1 of 3

Deployment

MLServer is currently used as the core Python inference server in some of most popular Kubernetes-native serving frameworks, including Seldon Core and KServe (formerly known as KFServing). This allows MLServer users to leverage the usability and maturity of these frameworks to take their model deployments to the next level of their MLOps journey, ensuring that they are served in a robust and scalable infrastructure.

In general, it should be possible to deploy models using MLServer into any serving engine compatible with the V2 protocol. Alternatively, it's also possible to manage MLServer deployments manually as regular processes (i.e. in a non-Kubernetes-native way). However, this may be more involved and highly dependant on the deployment infrastructure.

Seldon Core

MLServer is used as the core Python inference server in Seldon Core. Therefore, it should be straightforward to deploy your models either by using one of the built-in pre-packaged servers or by pointing to a custom image of MLServer.

This section assumes a basic knowledge of Seldon Core and Kubernetes, as well as access to a working Kubernetes cluster with Seldon Core installed. To learn more about Seldon Core or how to install it, please visit the Seldon Core documentation.

Pre-packaged Servers

Out of the box, Seldon Core comes a few MLServer runtimes pre-configured to run straight away. This allows you to deploy a MLServer instance by just pointing to where your model artifact is and specifying what ML framework was used to train it.

Usage

To let Seldon Core know what framework was used to train your model, you can use the implementation field of your SeldonDeployment manifest.
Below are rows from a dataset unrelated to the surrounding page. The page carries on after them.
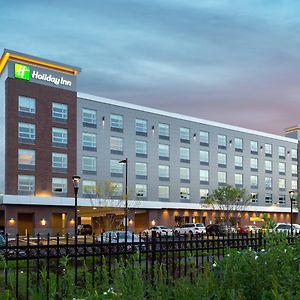 Holiday Inn Boston Logan Airport - Chelsea By Ihg Exterior photo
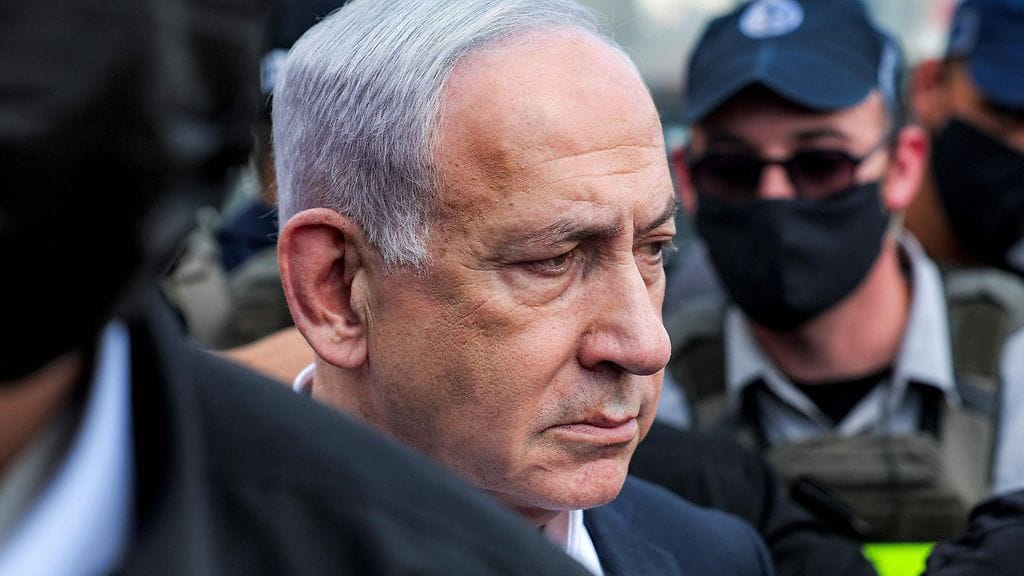 Israelin pääministeri Benjamin Netanjahu vieraili ampumapaikalla Ramot-tien risteyksessä Israelin itäisessä Jerusalemissa 8. syyskuuta.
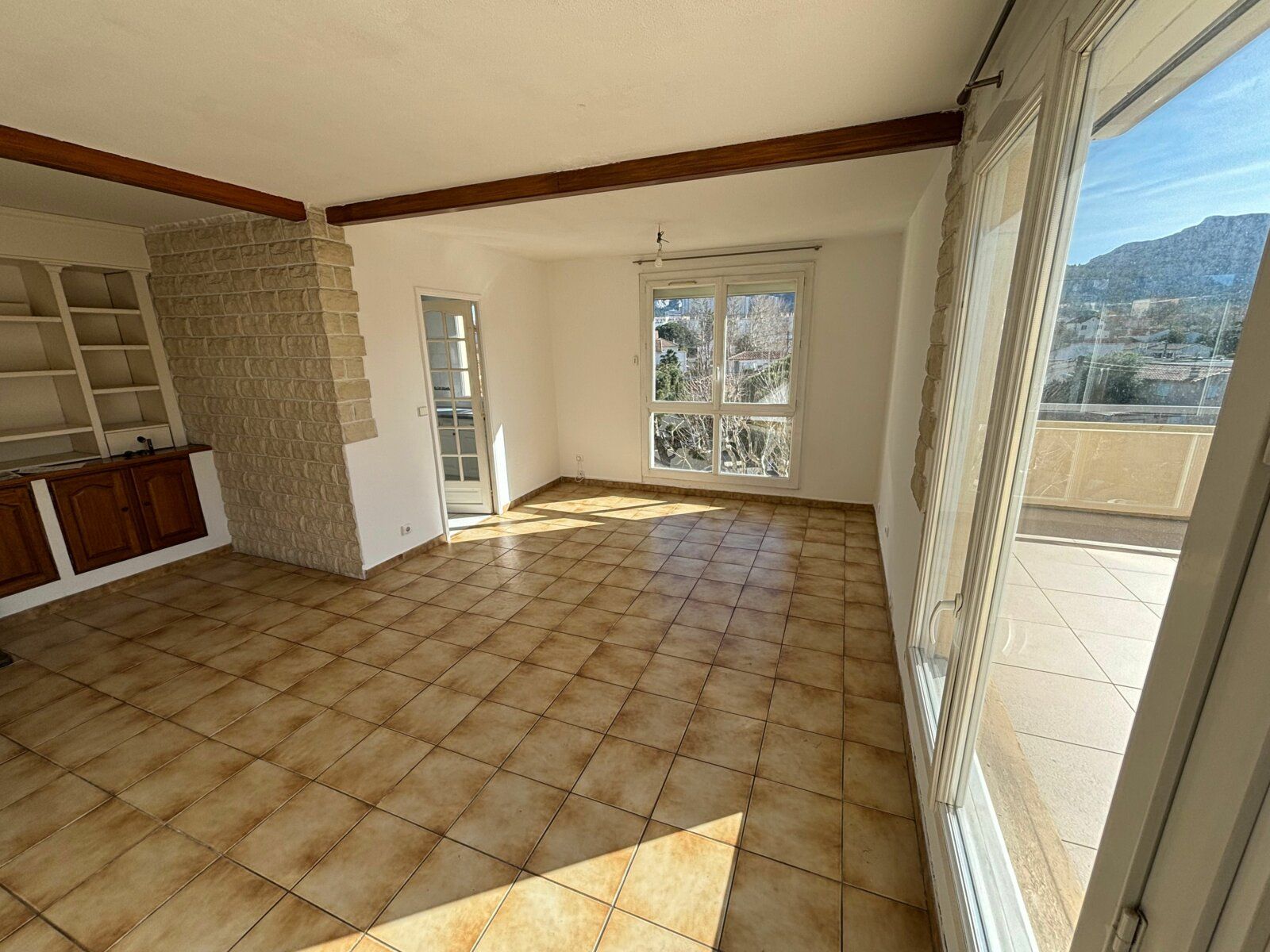 Appartement à vendre 3 64.55m2 à Marseille 8 vignette-3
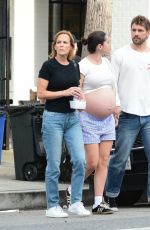 Pregnant NATALIE JOY and Nick Viall Out for Lunch in Los Angeles 01/31/2024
For example, to deploy a Scikit-Learn artifact stored remotely in GCS, one could do:

apiVersion: machinelearning.seldon.io/v1
kind: SeldonDeployment
metadata:
  name: my-model
spec:
  protocol: v2
  predictors:
    - name: default
      graph:
        name: classifier
        implementation: SKLEARN_SERVER
        modelUri: gs://seldon-models/sklearn/iris

As you can see highlighted above, all that we need to specify is that:

Our inference deployment should use the V2 inference protocol, which is done by setting the protocol field to kfserving.
Our model artifact is a serialised Scikit-Learn model, therefore it should be served using the MLServer SKLearn runtime, which is done by setting the implementation field to SKLEARN_SERVER.

Note that, while the protocol should always be set to kfserving (i.e. so that models are served using the V2 inference protocol), the value of the implementation field will be dependant on your ML framework. The valid values of the implementation field are pre-determined by Seldon Core. However, it should also be possible to configure and add new ones (e.g. to support a custom MLServer runtime).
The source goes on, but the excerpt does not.